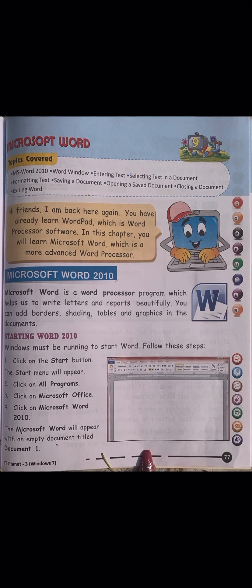That's all for today. If you have any query or doubt, you can ask me. Those who have a laptop or desktop at home, open MS Word and do this practically. You will do this practical during class - whoever has a laptop will open Word and tell me when done. Those who don't have a system will observe these steps carefully and understand them.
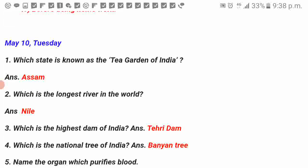Which state is known as the Tea Garden of India? Assam. Which is the longest river in the world? Nile.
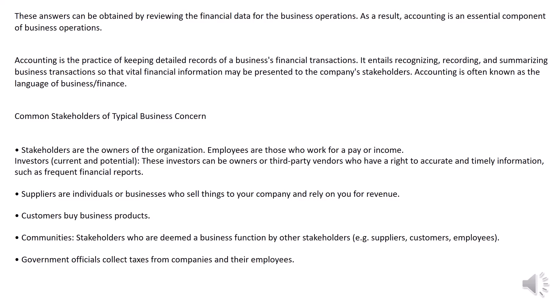Suppliers are individuals or businesses who sell things to your company and rely on you for revenue. Customers buy business products. Communities are stakeholders who are deemed a business function by other stakeholders, such as suppliers, customers, and employees.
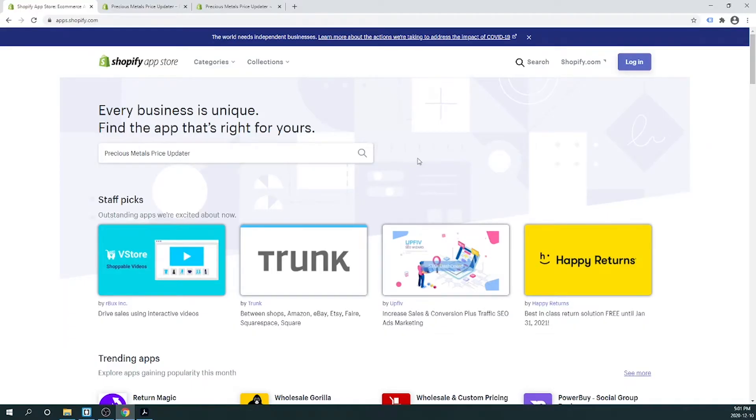If you own a coin, bullion, or precious metals web shop, you will love our precious metals price updater app.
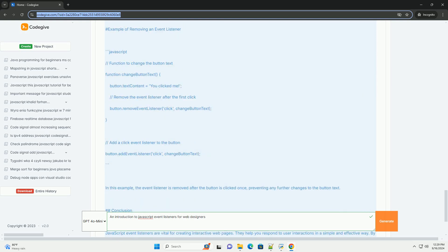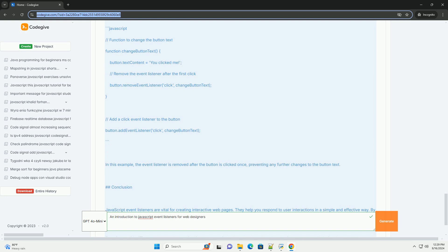By mastering Event Listeners, web designers can transform static content into lively, interactive applications, enhancing usability and overall user satisfaction. This foundational skill not only improves the functionality of a website but also allows designers to create more immersive and engaging user experiences, which are vital in today's digital landscape.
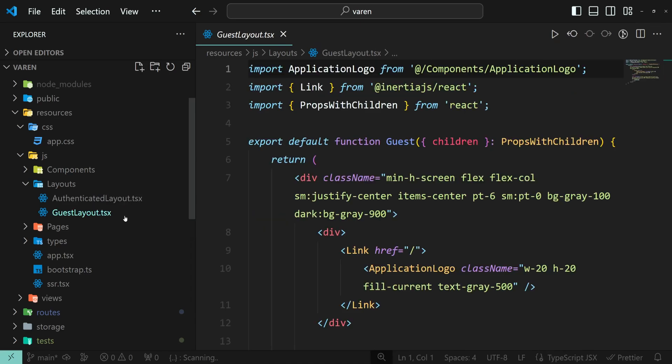When you click another file, it will open in the same tab. That's because VS Code editor has a preview. Preview editors do not stay open and are reused until you edit it or double click the file name.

Task statement:
The reply has to reproduce every line above verbatim and contain no pictures.

Expected answer:
That's all for today. If you have any query or doubt, you can ask me. Those who have a laptop or desktop at home, open MS Word and do this practically. You will do this practical during class - whoever has a laptop will open Word and tell me when done. Those who don't have a system will observe these steps carefully and understand them.
Which state is known as the Tea Garden of India? Assam. Which is the longest river in the world? Nile.
Suppliers are individuals or businesses who sell things to your company and rely on you for revenue. Customers buy business products. Communities are stakeholders who are deemed a business function by other stakeholders, such as suppliers, customers, and employees.
If you own a coin, bullion, or precious metals web shop, you will love our precious metals price updater app.
By mastering Event Listeners, web designers can transform static content into lively, interactive applications, enhancing usability and overall user satisfaction. This foundational skill not only improves the functionality of a website but also allows designers to create more immersive and engaging user experiences, which are vital in today's digital landscape.
When you click another file, it will open in the same tab. That's because VS Code editor has a preview. Preview editors do not stay open and are reused until you edit it or double click the file name.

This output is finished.